Gericht: Bayerisches Oberstes Landesgericht
Beschluss verkündet am 27.03.2001
Aktenzeichen: 1Z BR 130/00
Rechtsgebiete: BGB


Vorschriften:

BGB § 133
BGB § 140
BGB § 2247
BGB § 2265
BGB § 2267
Zur Auslegung des in einem von einem Nichtehegatten testamentarisch bestimmten Satzes: "Sollte uns beiden ein Unglück zustoßen".
BayObLG Beschluss

LG Weiden i.d. OPf. 2 T 748/00; AG Weiden i.d. OPf. VI.0482/00

1Z BR 130/00

27.03.01

Der 1. Zivilsenat des Bayerischen Obersten Landesgerichts hat unter Mitwirkung des Präsidenten Gummer sowie der Richter Rojahn und Zwirlein am 27. März 2001

in der Nachlasssache

beschlossen:

Tenor:

I. Die weitere Beschwerde des Beteiligten zu 1 gegen den Beschluss des Landgerichts Weiden i.d.OPf. vom 23. August 2000 wird mit der Maßgabe zurückgewiesen, dass der Geschäftswert für das Beschwerdeverfahren auf 20000 DM festgesetzt wird.

II. Der Beteiligte zu 1 hat die der Beteiligten zu 2 im Verfahren der weiteren Beschwerde entstandenen Kosten zu erstatten.

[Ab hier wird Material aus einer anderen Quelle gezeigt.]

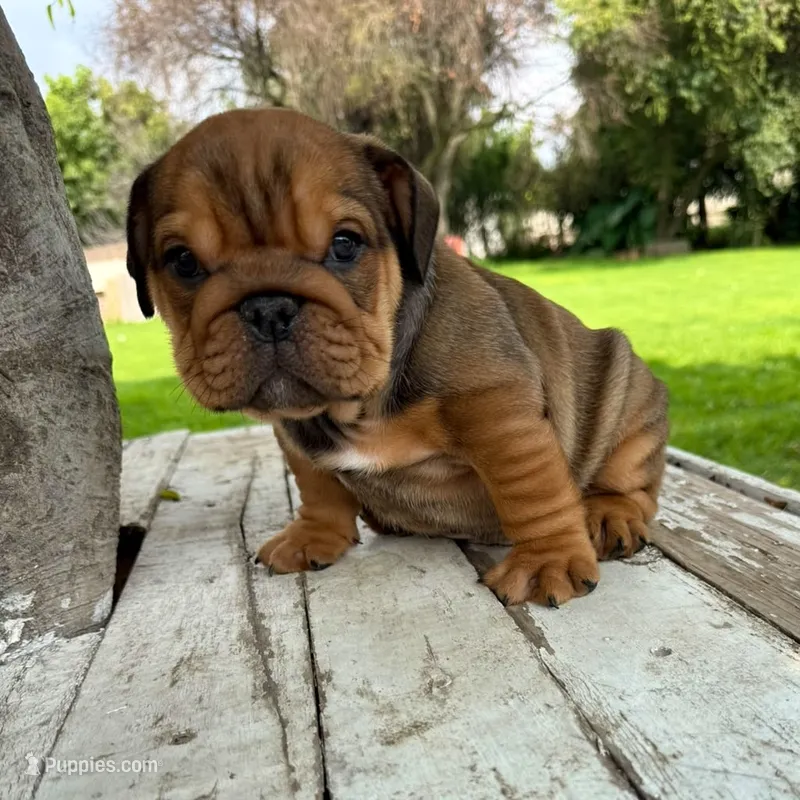 Male, red – English Bulldog puppy for sale in Houston, TX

III. Der Geschäftswert des Verfahrens der weiteren Beschwerde wird auf 20000 DM festgesetzt.

Gründe:

I.

Der am 11.6.2000 im Alter von 64 Jahren verstorbene Erblasser war seit 1975 geschieden und hinterließ den Beteiligten zu 1 als einziges Kind. Seine langjährige Lebensgefährtin, die Mutter der Beteiligten zu 2, verstarb fünf Tage vor dem Erblasser an ihrem 86. Geburtstag.

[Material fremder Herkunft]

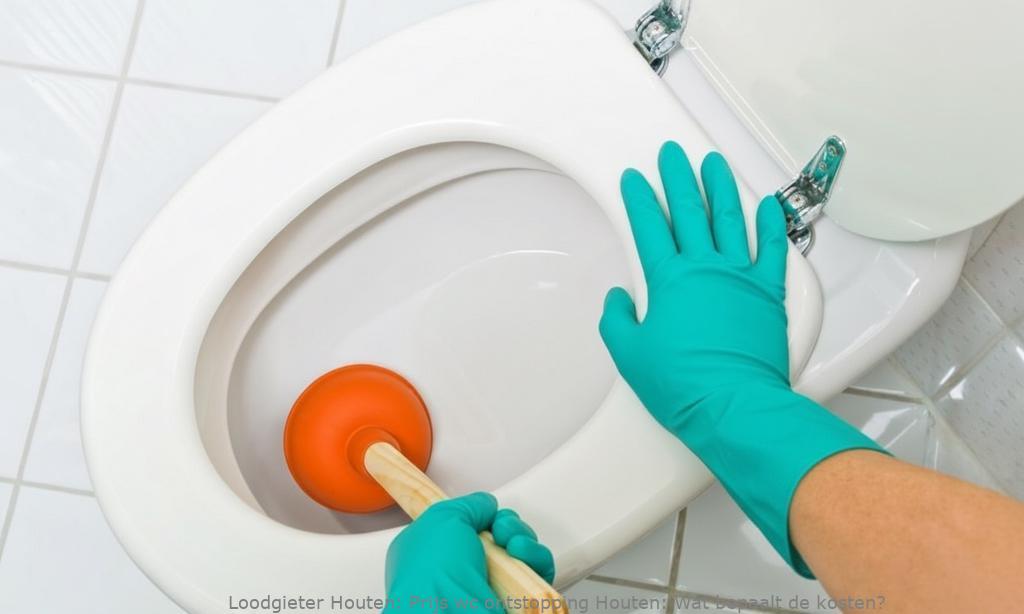 Prijs Wc Ontstopping Houten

Ein handschriftliches Testament vom 27.4.1989 hat folgenden Wortlaut:

"Mein letzter Wille.

Ich (Erblasser) bestimme, dass meine Lebensgefährtin M. Alleinerbin meines Ganzen Nachlasses ist. Bei meinem Ableben. Solte uns beiden ein Unglück mit tödlichem Ausgang zustoßen, so setzen wir die Tochter W. (Beteiligte zu 2) ein. Des gesamten Nachlasses einschließlich des ganzen Inventare der Sparbücher, Sparverträge, Versicherung und Bankonto (... ). Sie ist auch für meine Feuer Bestattung zuständig.

(Name des Erblassers)

(Name der Lebensgefährtin).

Das Testament wurde von beiden Beteiligten bei ihrer jeweiligen Anhörung am 23. und 30.6.2000 vor dem Nachlassgericht als vom Erblasser eigenhändig geschrieben und unterschrieben und von seiner Lebensgefährtin eigenhändig unterschrieben anerkannt.

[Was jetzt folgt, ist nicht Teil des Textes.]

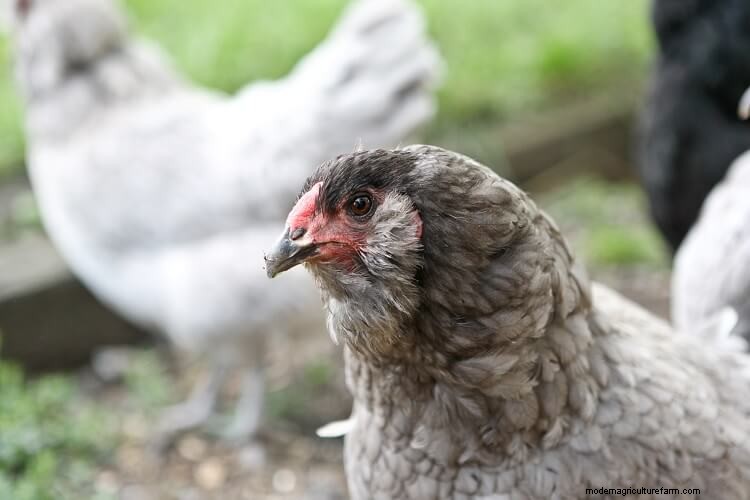 Complete Guide To Chicken Combs: Types, Frostbite and More…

Die Beteiligten haben gegensätzliche Erbscheinsanträge gestellt; sie behaupten jeweils, Alleinerbe zu sein. Die Beteiligte zu 2 leitet ihr Erbrecht aus dem Testament vom 27.4.1989 her. Der Beteiligte zu 1 beruft sich auf die gesetzliche Erbfolge, weil durch das Vorversterben der Lebensgefährtin des Erblassers das Testament gegenstandslos geworden und die im Testament angesprochene Konstellation des gemeinsamen Versterbens des Erblassers und seiner Lebensgefährtin durch ein "Unglück" nicht eingetreten sei.

Mit Beschluss vom 24.7.2000 kündigte das Amtsgericht an, der Beteiligten zu 2 den beantragten Erbschein zu erteilen. Gegen diesen Vorbescheid legte der Beteiligte zu 1 Beschwerde ein, die das Landgericht am 23.8.2000 zurückwies. Daraufhin erteilte das Amtsgericht am 6.9.2000 den angekündigten Erbschein, der die Beteiligte zu 2 als Alleinerbin ausweist. Mit der weiteren Beschwerde verfolgt der Beteiligte zu 1 seinen Erbscheinsantrag weiter.

II.

Die nicht fristgebundene und formgerecht eingelegte weitere Beschwerde ist zulässig (§§ 20, 27 Abs. 1, § 29 Abs. 1 und 4 FGG). Zwar ist der Vorbescheid vom 24.7.2000 mit der Erteilung des Erbscheins überholt und das auf seine Aufhebung gerichtete Verfahren damit gegenstandslos geworden. Gleichwohl kann die weitere Beschwerde mit dem Ziel der Einziehung des erteilten Erbscheins (§ 2361 BGB) fortgeführt werden (vgl. BayObLGZ 1982, 236/239 m.w.N.). Entsprechend dem vom Rechtsbeschwerdeführer erstrebten Ziel kann und muss sein Antrag in diesem Sinn ausgelegt werden (vgl. BayObLG aaO).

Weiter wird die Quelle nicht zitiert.